In 2017, traditional value investing has suffered some of the most eye-raising attacks in recent memory.
It started in June, when Goldman Sachs published a widely circulated report showing that following the value approach espoused famously by Fama and French returned a cumulative LOSS of 15% over the past decade. That is a remarkably bad performance in a climate where the S&P 500 has doubled.
This was followed up in October, when notable value-based hedge fund manager David Einhorn (in a note to Greenlight Capital clients) flat-out said he was having “questions regarding whether value investing is a viable strategy”. Einhorn and Greenlight are highly respected in the investment world.

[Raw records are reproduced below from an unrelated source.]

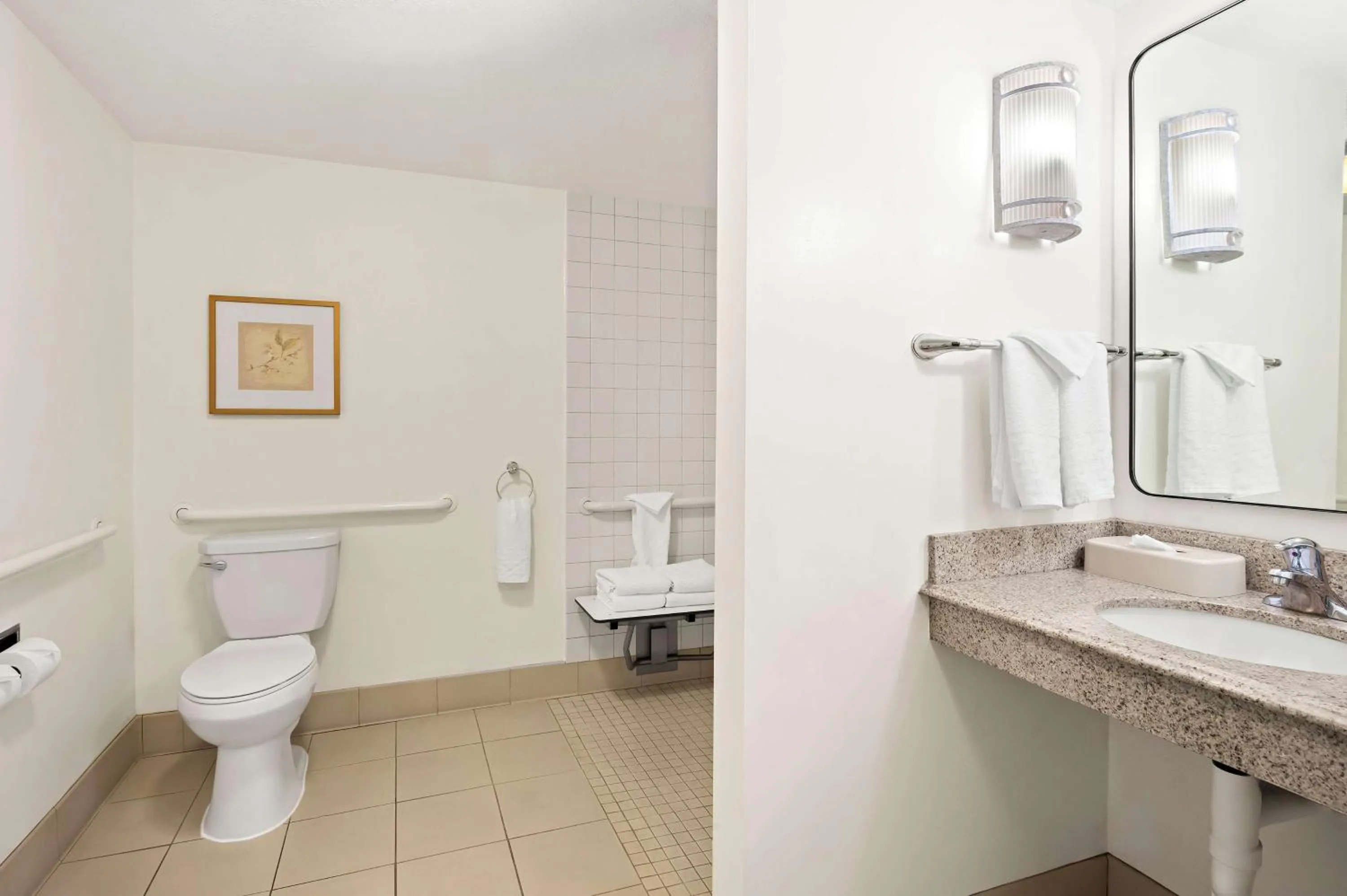 Bathroom in Best Western Ontario Mills Mall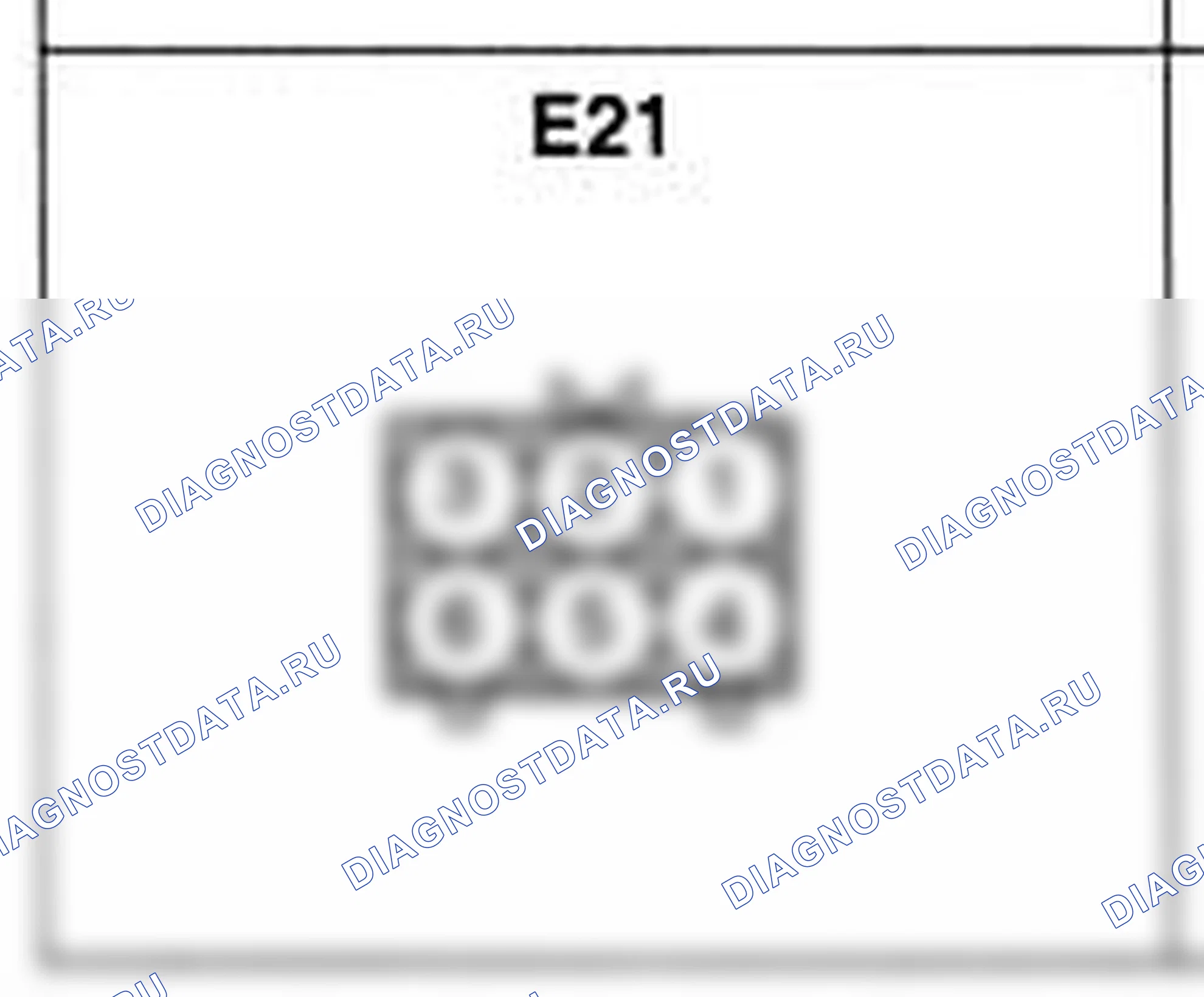 Распиновка разъёма E21 — жгута двигателя. Hyundai Atos MX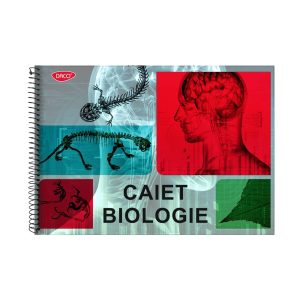 Caiet A4 biologie spiră 24 file DACO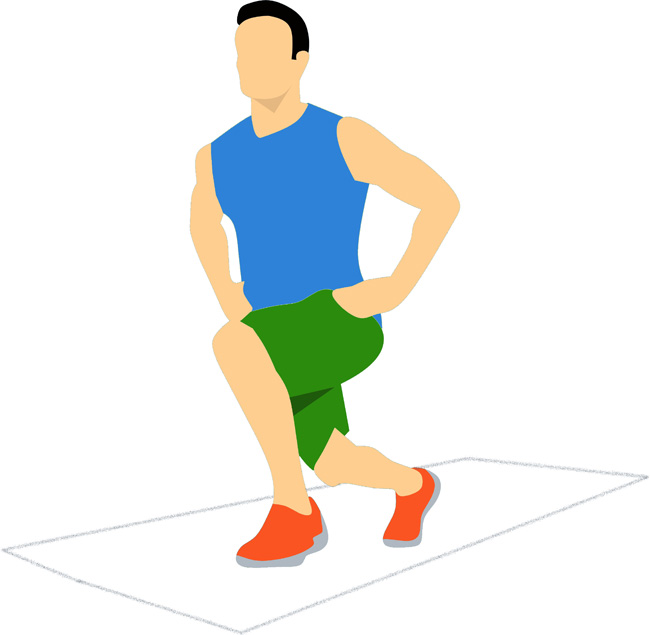 lunge exercise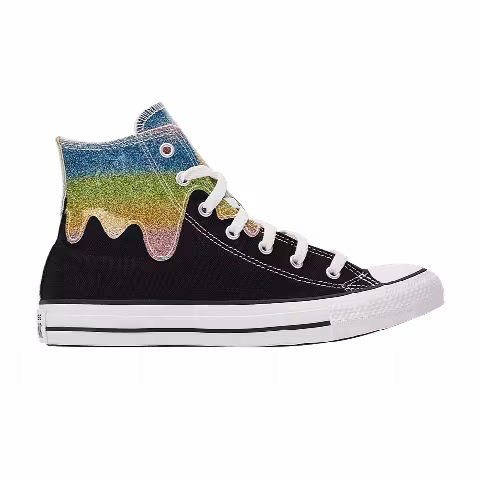 Converse Chuck Taylor All Star High GS 'Glitter Drip - Black'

Nevertheless, his fund is underperforming the S&P 500 by over 11% in 2017, after trailing the market by 3% in 2016 and posting a horrid 2015, with losses of 20% vs. the market’s 1.4% gain.

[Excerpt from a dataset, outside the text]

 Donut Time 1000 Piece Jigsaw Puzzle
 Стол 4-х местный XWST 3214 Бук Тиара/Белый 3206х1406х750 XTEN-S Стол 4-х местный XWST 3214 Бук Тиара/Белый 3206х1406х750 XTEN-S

Anecdotally, our experience in pure value strategies has not been particularly impressive, either. We followed Joel Greenblatt’s straight value Magic Formula screen “universe” exclusively for 8 years, with a cumulative performance roughly in line with the S&P 500’s. In the 2 years since, our two value-based ranked screens (“spells”) have underperformed the market by pretty substantial margins, while our growth-based screen has beaten the market by nearly 11% to date.

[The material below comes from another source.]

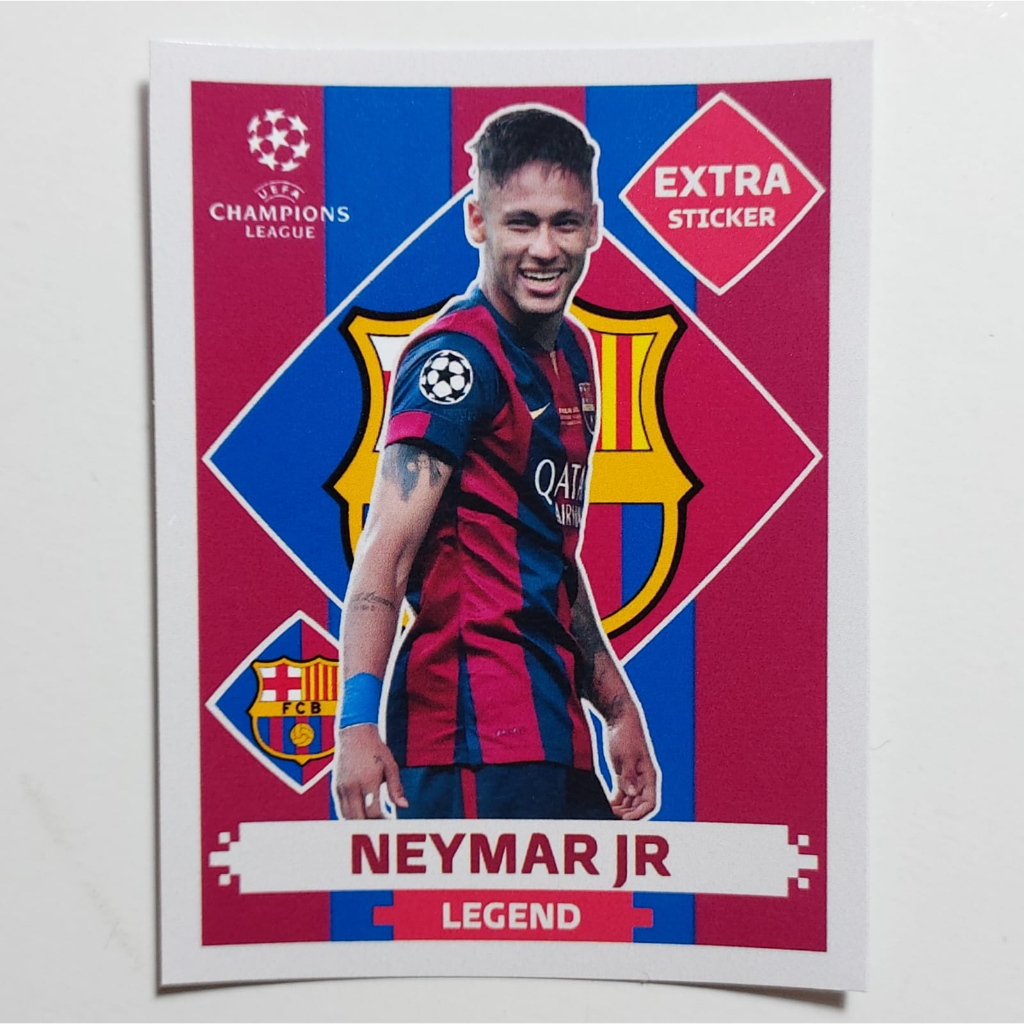 Figurinhas Gold Extras Legends Neymar Jr Messi Cr7 - Ouro em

So what is going on? Is old school value investing really dying? Or are we in an unusual trough for the strategy, that will likely turn around and prove value as the “winning” investment philosophy once again?
Why Is Value Losing?
Both Einhorn and media mogul John Malone have focused the blame on one culprit: Amazon.com (AMZN).
To say Amazon has disrupted not just retail, but the business world at large is an understatement. And now, these prominent investors believe it is disrupting investment modeling itself.